• _WHAT TO PRODUCE_: Every line with the string "Front" must be copied from the entries below.

== DATA IN THIS EXERCISE

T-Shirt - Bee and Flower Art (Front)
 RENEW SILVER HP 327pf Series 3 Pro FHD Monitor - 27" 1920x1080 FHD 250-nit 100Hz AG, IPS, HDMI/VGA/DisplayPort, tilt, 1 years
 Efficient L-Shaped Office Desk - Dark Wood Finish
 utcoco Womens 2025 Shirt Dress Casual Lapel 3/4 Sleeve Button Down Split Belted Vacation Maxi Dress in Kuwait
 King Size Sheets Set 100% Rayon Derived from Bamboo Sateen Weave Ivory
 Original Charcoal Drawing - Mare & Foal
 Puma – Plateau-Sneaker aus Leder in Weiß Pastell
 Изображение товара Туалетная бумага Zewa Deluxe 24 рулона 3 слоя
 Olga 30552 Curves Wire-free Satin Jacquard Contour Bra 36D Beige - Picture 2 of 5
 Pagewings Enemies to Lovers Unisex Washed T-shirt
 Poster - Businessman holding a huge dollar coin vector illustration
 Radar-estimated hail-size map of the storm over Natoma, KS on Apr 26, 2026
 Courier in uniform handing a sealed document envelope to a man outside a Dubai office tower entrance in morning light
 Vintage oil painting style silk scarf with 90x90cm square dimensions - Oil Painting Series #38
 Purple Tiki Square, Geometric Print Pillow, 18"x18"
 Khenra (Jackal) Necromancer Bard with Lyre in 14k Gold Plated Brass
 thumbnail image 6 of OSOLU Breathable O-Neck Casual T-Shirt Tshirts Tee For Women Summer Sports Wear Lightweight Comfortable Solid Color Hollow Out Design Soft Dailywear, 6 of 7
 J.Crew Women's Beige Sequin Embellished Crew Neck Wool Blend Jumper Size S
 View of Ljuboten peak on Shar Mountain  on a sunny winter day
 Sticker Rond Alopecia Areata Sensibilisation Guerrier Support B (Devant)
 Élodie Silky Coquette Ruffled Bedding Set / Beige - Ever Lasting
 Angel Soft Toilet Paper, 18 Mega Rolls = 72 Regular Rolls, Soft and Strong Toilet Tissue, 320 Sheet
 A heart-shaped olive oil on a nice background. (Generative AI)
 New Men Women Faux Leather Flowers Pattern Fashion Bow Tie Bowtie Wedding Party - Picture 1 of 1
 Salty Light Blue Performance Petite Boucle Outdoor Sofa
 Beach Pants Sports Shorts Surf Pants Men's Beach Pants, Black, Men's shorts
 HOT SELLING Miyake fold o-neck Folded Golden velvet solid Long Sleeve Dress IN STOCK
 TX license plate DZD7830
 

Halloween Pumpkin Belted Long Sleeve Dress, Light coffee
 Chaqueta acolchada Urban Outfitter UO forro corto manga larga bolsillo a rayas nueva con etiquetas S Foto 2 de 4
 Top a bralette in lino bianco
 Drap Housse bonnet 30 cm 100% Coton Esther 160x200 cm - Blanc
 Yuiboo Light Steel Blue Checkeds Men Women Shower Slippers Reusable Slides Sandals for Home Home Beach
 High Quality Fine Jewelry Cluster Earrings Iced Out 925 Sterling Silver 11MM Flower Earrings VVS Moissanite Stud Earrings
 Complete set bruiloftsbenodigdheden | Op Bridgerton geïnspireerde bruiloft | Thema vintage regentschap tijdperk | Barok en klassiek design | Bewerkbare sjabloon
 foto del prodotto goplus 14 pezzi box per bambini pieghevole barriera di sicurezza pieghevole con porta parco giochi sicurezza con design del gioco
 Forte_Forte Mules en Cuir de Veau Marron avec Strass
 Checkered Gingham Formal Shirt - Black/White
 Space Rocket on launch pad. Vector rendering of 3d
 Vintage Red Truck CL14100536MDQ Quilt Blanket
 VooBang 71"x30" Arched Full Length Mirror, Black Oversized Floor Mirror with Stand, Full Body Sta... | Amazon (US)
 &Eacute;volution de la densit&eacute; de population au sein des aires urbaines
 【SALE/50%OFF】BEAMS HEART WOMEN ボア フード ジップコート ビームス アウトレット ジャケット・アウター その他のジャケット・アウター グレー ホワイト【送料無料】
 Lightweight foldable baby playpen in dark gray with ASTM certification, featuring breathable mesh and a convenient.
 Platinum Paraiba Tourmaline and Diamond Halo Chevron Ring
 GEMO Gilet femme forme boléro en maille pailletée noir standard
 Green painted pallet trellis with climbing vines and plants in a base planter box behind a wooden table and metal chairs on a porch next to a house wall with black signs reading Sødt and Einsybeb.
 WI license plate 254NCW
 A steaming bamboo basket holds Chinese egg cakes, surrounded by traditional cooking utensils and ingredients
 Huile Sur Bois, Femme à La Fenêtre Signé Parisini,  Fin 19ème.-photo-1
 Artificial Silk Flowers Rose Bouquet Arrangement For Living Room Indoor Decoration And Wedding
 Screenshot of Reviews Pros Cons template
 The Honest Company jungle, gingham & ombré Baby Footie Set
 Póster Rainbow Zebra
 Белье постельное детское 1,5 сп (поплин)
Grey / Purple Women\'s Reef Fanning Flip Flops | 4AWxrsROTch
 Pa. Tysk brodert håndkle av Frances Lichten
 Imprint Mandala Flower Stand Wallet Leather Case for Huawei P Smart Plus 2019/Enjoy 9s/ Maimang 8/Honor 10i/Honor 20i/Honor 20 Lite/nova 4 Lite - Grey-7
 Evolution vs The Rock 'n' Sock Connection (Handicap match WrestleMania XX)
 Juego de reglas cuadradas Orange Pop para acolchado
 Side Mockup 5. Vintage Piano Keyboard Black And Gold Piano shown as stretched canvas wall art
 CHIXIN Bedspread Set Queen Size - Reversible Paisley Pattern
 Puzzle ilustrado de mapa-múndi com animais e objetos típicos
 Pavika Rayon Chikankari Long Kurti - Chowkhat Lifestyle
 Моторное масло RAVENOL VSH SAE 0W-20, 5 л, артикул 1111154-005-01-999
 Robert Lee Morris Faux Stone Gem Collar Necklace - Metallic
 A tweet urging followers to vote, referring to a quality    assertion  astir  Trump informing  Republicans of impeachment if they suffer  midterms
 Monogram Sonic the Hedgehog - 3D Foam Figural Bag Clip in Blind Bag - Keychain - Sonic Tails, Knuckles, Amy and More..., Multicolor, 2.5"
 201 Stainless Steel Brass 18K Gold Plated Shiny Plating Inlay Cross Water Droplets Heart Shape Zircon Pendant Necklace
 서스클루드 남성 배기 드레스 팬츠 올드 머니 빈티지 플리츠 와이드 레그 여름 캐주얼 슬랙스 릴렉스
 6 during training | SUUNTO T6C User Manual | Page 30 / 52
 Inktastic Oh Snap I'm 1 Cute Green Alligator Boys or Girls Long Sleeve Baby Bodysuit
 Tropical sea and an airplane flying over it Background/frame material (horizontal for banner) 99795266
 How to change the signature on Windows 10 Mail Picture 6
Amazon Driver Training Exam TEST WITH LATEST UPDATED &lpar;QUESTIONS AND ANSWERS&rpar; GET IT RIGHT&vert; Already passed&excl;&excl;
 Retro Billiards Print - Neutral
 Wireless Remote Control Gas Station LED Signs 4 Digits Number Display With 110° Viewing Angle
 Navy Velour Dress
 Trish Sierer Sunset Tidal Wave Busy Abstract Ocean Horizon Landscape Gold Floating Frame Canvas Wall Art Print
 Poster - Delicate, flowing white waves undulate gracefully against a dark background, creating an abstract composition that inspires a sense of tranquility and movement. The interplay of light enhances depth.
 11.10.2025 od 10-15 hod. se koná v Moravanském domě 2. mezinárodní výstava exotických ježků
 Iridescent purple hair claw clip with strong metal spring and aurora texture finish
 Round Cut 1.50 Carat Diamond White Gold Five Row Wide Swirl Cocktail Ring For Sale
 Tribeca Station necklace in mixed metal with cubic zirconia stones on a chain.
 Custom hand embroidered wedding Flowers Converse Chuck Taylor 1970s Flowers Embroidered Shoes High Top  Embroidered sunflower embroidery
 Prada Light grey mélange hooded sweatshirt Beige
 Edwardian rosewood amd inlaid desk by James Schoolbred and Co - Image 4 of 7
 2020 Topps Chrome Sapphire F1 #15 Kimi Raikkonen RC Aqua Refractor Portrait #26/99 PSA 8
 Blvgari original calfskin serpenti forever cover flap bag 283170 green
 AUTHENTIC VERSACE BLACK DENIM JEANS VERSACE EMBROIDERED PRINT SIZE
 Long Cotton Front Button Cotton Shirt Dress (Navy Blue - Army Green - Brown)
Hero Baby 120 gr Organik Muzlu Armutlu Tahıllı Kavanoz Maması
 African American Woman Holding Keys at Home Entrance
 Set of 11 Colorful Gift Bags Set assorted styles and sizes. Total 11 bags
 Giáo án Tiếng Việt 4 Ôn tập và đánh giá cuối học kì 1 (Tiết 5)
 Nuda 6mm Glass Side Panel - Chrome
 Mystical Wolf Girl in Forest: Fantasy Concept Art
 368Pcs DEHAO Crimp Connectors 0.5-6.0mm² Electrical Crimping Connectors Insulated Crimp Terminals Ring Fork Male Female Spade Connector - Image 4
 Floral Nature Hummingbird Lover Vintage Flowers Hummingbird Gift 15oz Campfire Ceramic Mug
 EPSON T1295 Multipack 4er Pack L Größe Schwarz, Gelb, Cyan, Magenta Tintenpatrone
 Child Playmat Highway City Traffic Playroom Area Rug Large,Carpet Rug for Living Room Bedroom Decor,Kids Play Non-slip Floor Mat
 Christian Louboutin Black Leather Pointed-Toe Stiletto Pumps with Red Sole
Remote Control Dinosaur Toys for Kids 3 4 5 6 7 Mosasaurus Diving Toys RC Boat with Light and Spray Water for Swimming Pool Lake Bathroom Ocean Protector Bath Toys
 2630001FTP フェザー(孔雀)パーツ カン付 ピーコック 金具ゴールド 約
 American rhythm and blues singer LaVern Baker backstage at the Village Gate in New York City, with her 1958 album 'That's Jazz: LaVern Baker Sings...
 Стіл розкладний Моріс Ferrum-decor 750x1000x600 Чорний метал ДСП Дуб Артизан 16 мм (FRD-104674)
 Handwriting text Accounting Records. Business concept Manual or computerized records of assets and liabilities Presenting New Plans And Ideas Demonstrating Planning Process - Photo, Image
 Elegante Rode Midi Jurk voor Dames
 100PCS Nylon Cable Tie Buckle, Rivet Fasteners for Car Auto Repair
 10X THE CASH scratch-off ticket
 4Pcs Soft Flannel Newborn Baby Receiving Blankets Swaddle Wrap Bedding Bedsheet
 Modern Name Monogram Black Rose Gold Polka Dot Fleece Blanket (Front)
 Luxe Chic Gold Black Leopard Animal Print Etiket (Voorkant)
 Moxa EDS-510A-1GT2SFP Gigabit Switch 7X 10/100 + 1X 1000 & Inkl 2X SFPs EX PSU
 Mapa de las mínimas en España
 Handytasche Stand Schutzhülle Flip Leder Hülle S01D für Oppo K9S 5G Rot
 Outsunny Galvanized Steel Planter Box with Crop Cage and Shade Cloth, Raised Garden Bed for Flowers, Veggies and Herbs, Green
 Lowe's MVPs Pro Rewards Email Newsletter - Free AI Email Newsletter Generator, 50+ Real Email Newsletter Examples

====

• _ANSWER TO THIS EXERCISE_:
T-Shirt - Bee and Flower Art (Front)
 Long Cotton Front Button Cotton Shirt Dress (Navy Blue - Army Green - Brown)
 Modern Name Monogram Black Rose Gold Polka Dot Fleece Blanket (Front)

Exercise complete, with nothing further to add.